Background Many patients with heart failure (HF) experience changes in left ventricular ejection fraction (LVEF) during follow-up. We sought to evaluate the predictors and outcomes of different HF phenotypes according to longitudinal changes in EF. Methods and Results A total of 2104 patients with acute HF underwent echocardiography at baseline and follow-up. Global longitudinal strain was measured at index admission. HF phenotypes were defined as persistent HF with reduced EF (persistent HFrEF, LVEF ≤40% at baseline and follow-up), heart failure with improved ejection fraction (LVEF≤40% at baseline and improved to >40% at follow-up), heart failure with declined ejection fraction (LVEF>40% at baseline and declined to ≤40% at follow up), and persistent HF with preserved EF (persistent HFpEF, LVEF>40% at baseline and follow-up). Overall, 1130 patients had HFrEF at baseline; during follow-up, 54.2% and 46.8% had persistent HFrEF and heart failure with improved ejection fraction, respectively. Among 975 patients with HFpEF at baseline, 89.5% and 10.5% had persistent HFpEF and heart failure with declined ejection fraction at follow-up, respectively. The 5-year all-cause mortality rates were 43.1%, 33.1%, 24%, and 17% for heart failure with declined ejection fraction, persistent HFrEF, persistent HFpEF, and heart failure with improved ejection fraction, respectively (global log-rank P<0.001). In multivariable analyses, each 1% increase in global longitudinal strain (greater contractility) was associated with 10% increased odds for heart failure with improved ejection fraction among patients with HFrEF at baseline and 7% reduced odds for heart failure with declined ejection fraction among patients with HFpEF at baseline. Conclusions LVEF changed during follow-up. Each HF phenotype according to longitudinal LVEF changes has a distinct prognosis. Global longitudinal strain can be used to predict the HF phenotype. REGISTRATION: URL: https://www.clinicaltrials.gov; Unique identifier: NCT03513653.
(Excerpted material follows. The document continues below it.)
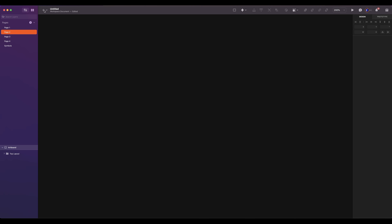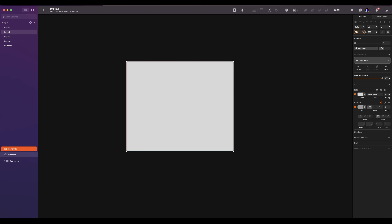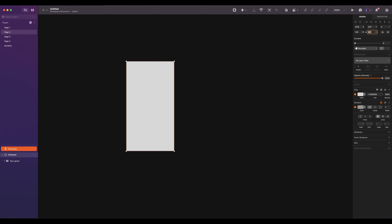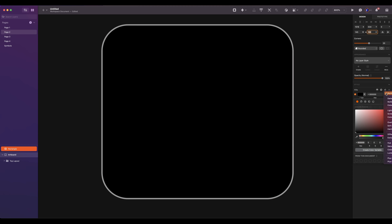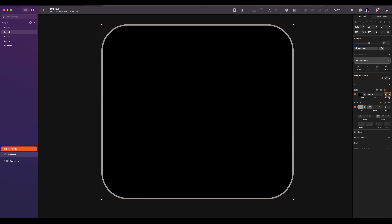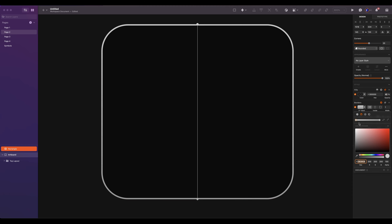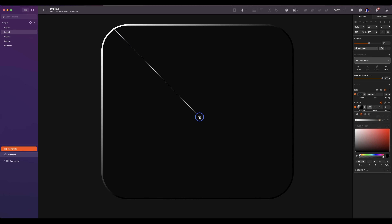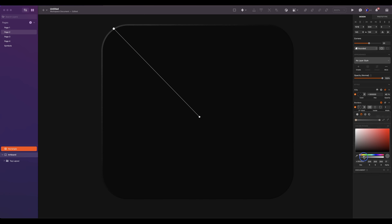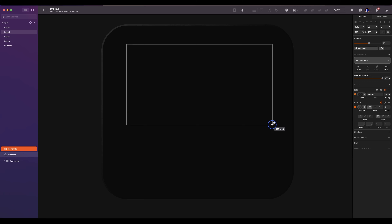For the second layout, add a rectangle. The size will be 145 by 130. The radius will be 20. Add a fill color black with overlay. Reduce the opacity to 40%. Add a border with linear gradient. The top color is white and the bottom color is black. Place it in diagonal. Both will have 10% opacity.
Keywords: HFdEF; HFiEF; ejection fraction change; heart failure; myocardial strain.

Figures

Figure 1. Study population
Figure 1. Study population
HFrEF, heart failure with reduced ejection fraction; HFiEF, heart failure with improved ejection fraction; HFpEF, heart failure with preserved ejection fraction; and HFdEF, heart failure with declined ejection fraction.
Figure 2. Longitudinal changes in ejection fraction…
Figure 2. Longitudinal changes in ejection fraction according to heart failure phenotypes and baseline ejection fraction.
A, In patients with heart failure with improved ejection fraction (HFiEF), the left ventricular ejection fraction (LVEF) improved to >50% in mildly (LVEF: 30–40%), moderately (LVEF: 20–30%), and severely (LVEF ≤20%) depressed LVEF; whereas the change in LVEF was minimal among patients with persistent heart failure with reduced ejection fraction (HFrEF). B, In patients with heart failure with declined ejection fraction (HFdEF), the LVEF decreased to <35% in all 3 groups (LVEF: 40–50%, 50–60%, or >60%); whereas the change in LVEF was minimal among patients with persistent heart failure with preserved ejection fraction (HFpEF).
Figure 3
Figure 3
Myocardial strain and heart failure phenotypes according to changes in LVEF. A, Patients were stratified according to GLS tertiles. The proportion of persistent HFrEF and that of HFdEF was highest in the lowest GLS tertile. B, Incremental prognostic value of predictors by binary logistic regression model presented as global χ2 value. The addition of GLS offers a significant additional benefit over conventional parameters. BB indicates beta‐blockers; GLS, global longitudinal strain; HFdEF, heart failure with declined ejection fraction; HFiEF, heart failure with improved ejection fraction; HFpEF, heart failure with preserved ejection fraction; HFrEF, heart failure with reduced ejection fraction; HR, heart rate; IDI, integrated discrimination index; LA, left atrium; LVEDD, left ventricular end diastolic diameter; LVEF, left ventricular ejection fraction; NP, natriuretic peptide; and SBP, systolic blood pressure.
Figure 4
Figure 4
Five‐year ACM and its composite and hospitalization according to HF phenotypes. A, ACM in HFrEF vs HFpEF. B, ACM according to HF phenotypes. HFiEF, heart failure with improved ejection fraction; C, The composite of ACM and hospitalization for HF according to HF phenotypes. ACM indicates all‐cause mortality; HF, heart failure; HFdEF, heart failure with declined ejection fraction; HFiEF, heart failure with improved ejection fraction; HFpEF, heart failure with preserved ejection fraction; HFrEF, heart failure with reduced ejection fraction; and HHF, hospitalization for HF.
Figure 5
Figure 5
Longitudinal changes of HF phenotypes and outcomes. Patients with HFpEF and HFrEF have a similar prognosis according to classification at baseline. LVEF is not static but changes during follow‐up. Each HF phenotype according to the longitudinal LVEF change (ie, persistent HFrEF, HFiEF, persistent HFpEF, and HFdEF) has a distinct prognosis. HF indicates heart failure; HFdEF, heart failure with declined ejection fraction; HFiEF, heart failure with improved ejection fraction; HFpEF, heart failure with preserved ejection fraction; HFrEF, heart failure with reduced ejection fraction, and LVEF, left ventricular ejection fraction.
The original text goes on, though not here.